Re: [DISCUSS] Re: deprecating MR in the first release of Hive 2.0

2015-10-30 Thread Thejas Nair
the jira - https://issues.apache.org/jira/browse/HIVE-12300


On Mon, Oct 26, 2015 at 2:58 PM, Sergey Shelukhin
 wrote:
> There appear to be no objections, so I will start by filing a JIRA :)
>
> On 15/10/22, 14:38, "Thejas Nair"  wrote:
>
>>(Adding [DISCUSS] to subject to bring it to attention of wider audience.)
>>
>>+1 Given how much investment is going into Tez and Spark execution
>>modes, it makes sense to convey that better to the user community and
>>recommend the use of the new modes over MR. Users who choose those
>>modes are going to get better experience, and it will help to improve
>>the overall perception of Hive.
>>
>>Once most users have moved to the new modes, we can start looking into
>>removing MR support. (Though that is likely to take a while).
>>
>>
>>On Wed, Oct 21, 2015 at 9:44 PM, Sergey Shelukhin
>> wrote:
>>> We have discussed the removal of hadoop-1 and MR support in Hive 2 line
>>>in the past..
>>> Hadoop-1 removal seems to be non-controversial and on track; before we
>>>cut the first release of Hive 2, I propose we deprecate MR.
>>>
>>> Tez and Spark engines provide vast perf improvements over MR;
>>> Execution optimization work by most contributors for a long time has
>>>been done for these engines and is not portable to MR, so it is
>>>languishing further;
>>> At the same time, supporting additional code has other development
>>>costs for new features or bugs, plus we have to run tests for it both in
>>>Apache and for local changes and to deploy code.
>>>
>>> However, MR is hard to remove. Plus, it may provide a baseline for some
>>>bugs in other engines (which is not bulletproof since MR logic can be
>>>incorrect), or to mock during perf benchmarks.
>>>
>>> Therefore, I propose that for now we add deprecation warnings
>>>suggesting the other alternatives:
>>>
>>>   *   to Hive configuration documentation.
>>>   *   to Hive wiki.
>>>   *   to release notes on Hive 2.
>>>   *   in Beeline and CLI when using MR.
>>>
>>> Additionally, I propose we remove Minimr test driver from HiveQA runs
>>>for master.
>>>
>>> What do you think?
>>
>


Re: [DISCUSS] Re: deprecating MR in the first release of Hive 2.0

2015-10-26 Thread Sergey Shelukhin
There appear to be no objections, so I will start by filing a JIRA :)

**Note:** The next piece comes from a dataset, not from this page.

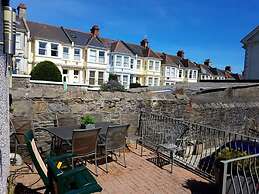 Period Home - Charming Features - 1 Mile From Hoe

On 15/10/22, 14:38, "Thejas Nair"  wrote:

>(Adding [DISCUSS] to subject to bring it to attention of wider audience.)
>
>+1 Given how much investment is going into Tez and Spark execution
>modes, it makes sense to convey that better to the user community and
>recommend the use of the new modes over MR. Users who choose those
>modes are going to get better experience, and it will help to improve
>the overall perception of Hive.
>
>Once most users have moved to the new modes, we can start looking into
>removing MR support. (Though that is likely to take a while).
>
>
>On Wed, Oct 21, 2015 at 9:44 PM, Sergey Shelukhin
> wrote:
>> We have discussed the removal of hadoop-1 and MR support in Hive 2 line
>>in the past..
>> Hadoop-1 removal seems to be non-controversial and on track; before we
>>cut the first release of Hive 2, I propose we deprecate MR.
>>
>> Tez and Spark engines provide vast perf improvements over MR;
>> Execution optimization work by most contributors for a long time has
>>been done for these engines and is not portable to MR, so it is
>>languishing further;
>> At the same time, supporting additional code has other development
>>costs for new features or bugs, plus we have to run tests for it both in
>>Apache and for local changes and to deploy code.
>>
>> However, MR is hard to remove. Plus, it may provide a baseline for some
>>bugs in other engines (which is not bulletproof since MR logic can be
>>incorrect), or to mock during perf benchmarks.
>>
>> Therefore, I propose that for now we add deprecation warnings
>>suggesting the other alternatives:
>>
>>   *   to Hive configuration documentation.
>>   *   to Hive wiki.
>>   *   to release notes on Hive 2.
>>   *   in Beeline and CLI when using MR.
>>
>> Additionally, I propose we remove Minimr test driver from HiveQA runs
>>for master.
>>
>> What do you think?
>



[DISCUSS] Re: deprecating MR in the first release of Hive 2.0

2015-10-22 Thread Thejas Nair
(Adding [DISCUSS] to subject to bring it to attention of wider audience.)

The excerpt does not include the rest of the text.